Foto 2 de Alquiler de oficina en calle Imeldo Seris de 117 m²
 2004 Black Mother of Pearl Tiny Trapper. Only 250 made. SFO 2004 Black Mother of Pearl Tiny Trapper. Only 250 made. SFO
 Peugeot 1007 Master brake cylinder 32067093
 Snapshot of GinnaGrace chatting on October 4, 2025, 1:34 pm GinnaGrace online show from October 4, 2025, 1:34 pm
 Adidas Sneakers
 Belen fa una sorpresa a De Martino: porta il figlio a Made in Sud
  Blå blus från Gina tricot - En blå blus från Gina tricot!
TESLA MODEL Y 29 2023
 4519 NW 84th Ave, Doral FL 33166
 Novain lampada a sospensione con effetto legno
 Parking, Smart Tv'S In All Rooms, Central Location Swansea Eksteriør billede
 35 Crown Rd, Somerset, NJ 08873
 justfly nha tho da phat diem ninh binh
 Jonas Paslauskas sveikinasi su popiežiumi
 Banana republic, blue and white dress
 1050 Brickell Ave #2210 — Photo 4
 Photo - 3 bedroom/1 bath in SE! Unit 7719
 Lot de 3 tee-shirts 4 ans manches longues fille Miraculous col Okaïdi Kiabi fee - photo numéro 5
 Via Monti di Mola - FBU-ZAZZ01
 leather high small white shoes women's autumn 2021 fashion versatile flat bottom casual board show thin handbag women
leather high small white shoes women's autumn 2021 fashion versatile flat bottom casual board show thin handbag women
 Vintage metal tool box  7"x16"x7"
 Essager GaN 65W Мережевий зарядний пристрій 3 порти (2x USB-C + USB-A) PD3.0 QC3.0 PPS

▶ _Assignment_: Only a number belongs in the answer: the number of lines in the preceding data that hold "white".

▶ _Written reply_: 3